Royal recognition for leading dairy geneticist

15 Sep 2020

A renowned researcher, who has been instrumental in driving forward the genetic development of UK dairy cattle, has been awarded the prestigious Princess Royal Award. 

Professor Mike Coffey, team leader of the Animal Breeding and Genomics Team at Scotland’s Rural College (SRUC) and head of EGENES, was presented with the award by Her Royal Highness The Princess Royal on September 14.  

Outstanding contribution

The Princess Royal Award is given each year to an individual who has an outstanding lifetime contribution to the dairy sector. 

Professor Coffey has spent almost 40 years working in the dairy breeding industry and, to date, has written more than 85 published papers.

He has dedicated his working life to dairy cattle breeding and, specifically, identifying breeding goals that are important to the entire supply chain including, most recently, the implementation of genomic selection. 

Sire selection

He began his career by milking cows after finishing his Animal Science degree at Nottingham University, before going on to work for the Holstein Friesian Society, where he developed one of the first sire selection programs. 

During his 15 years at the Society, he was involved in developing new breeding indices for dairy cows as the Holstein breed increased in popularity. 

Genetic development

He then joined the Scottish Agricultural College (SAC), which is now SRUC, where he has continued to drive forward dairy genetic development. 

Most recently he successfully implemented genomic selection in dairy cows and, by working with others in the industry, has been able to create one of the biggest reference populations in the world. 

Feed efficiency

A feed efficiency index will be released later this year, based on records from the Queen’s Anniversary Prize-winning Langhill experiment.
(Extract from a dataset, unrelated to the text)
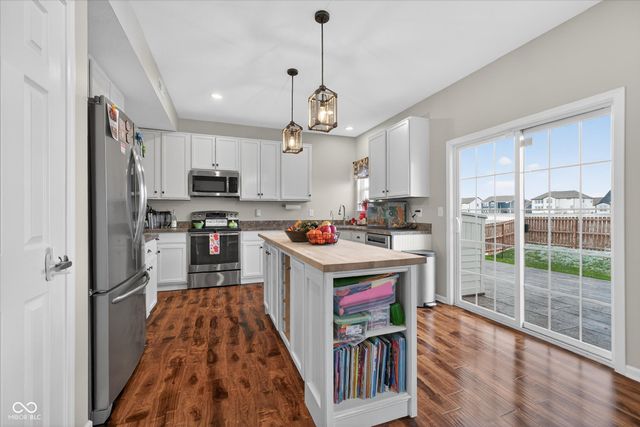 18119 Pennsy Way, Westfield, IN 46074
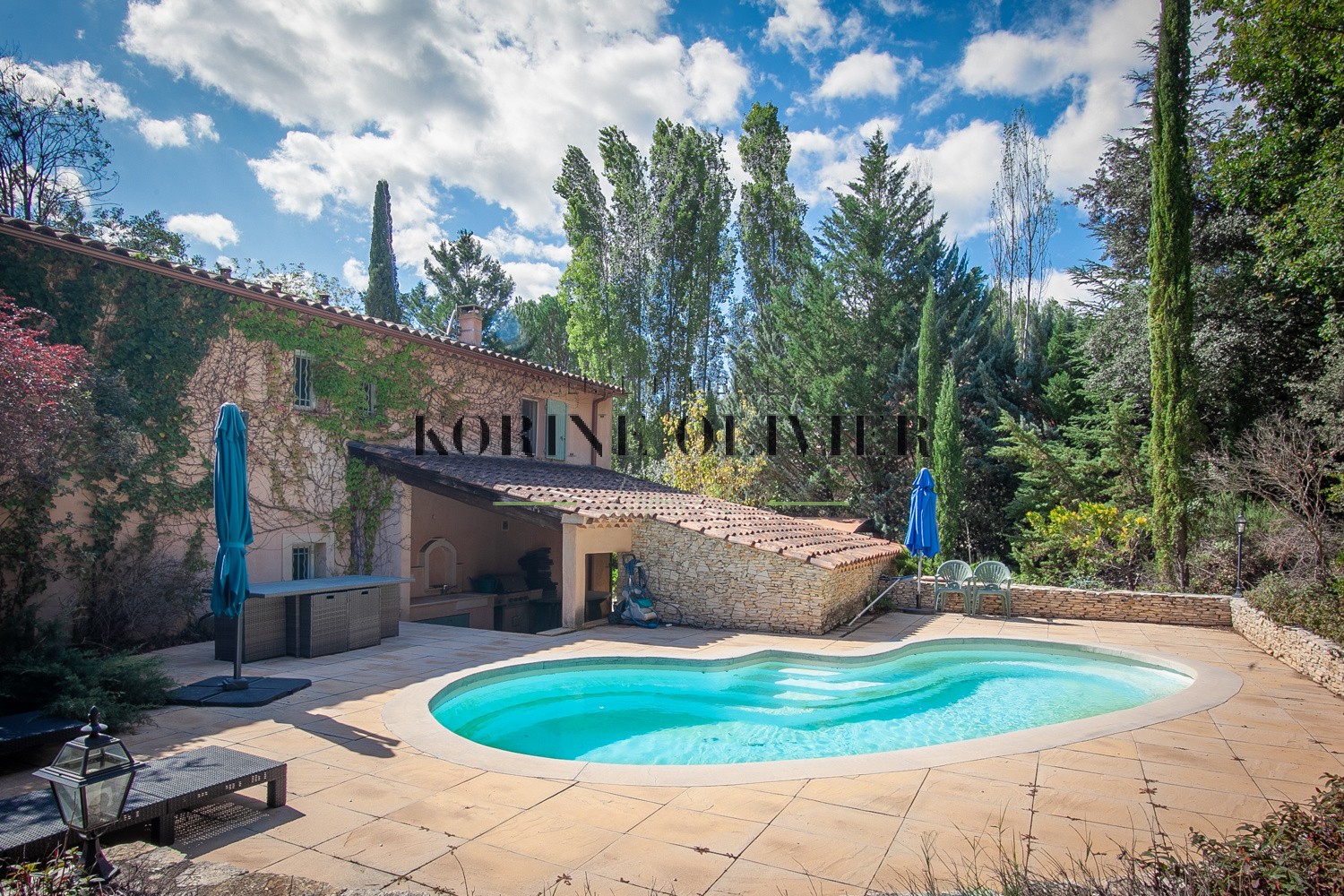 Vente Maison à Aix-en-Provence 7 pièces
This will help producers to  select animals that can produce more milk from less feed and, as a result, produce lower methane emissions. 
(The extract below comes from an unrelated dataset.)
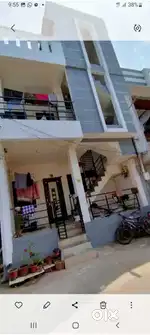 2bhk sell Rowhouse, nr, vidhyakunj school, l. P. Savani road, adajan.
Professor Coffey is also currently looking at the use of milk spectral data to predict various health conditions, such as bTB, with high accuracy using Deep Learning. This could be a huge game-changer for quick and accurate disease diagnoses.   

Significant impact

“I was gobsmacked and found it difficult to find the words to respond to the email informing me of the news that I was to be given this award,” says Professor Coffey.

“It is nice to be recognised for the work I have done and to know it has had a significant impact on the dairy industry.” 

Invaluable work

Professor Coffey was unanimously chosen as this year’s winner by the RABDF board of trustees. 

“His work has had a massive impact on the dairy industry,” says RADBF chairman Peter Alvis.

“He has been at the forefront of dairy cow breeding for almost 40 years and continues to be so. His work in invaluable in helping producers to breed cows that are productive, profitable, healthy, and provide a product that consumers wants.”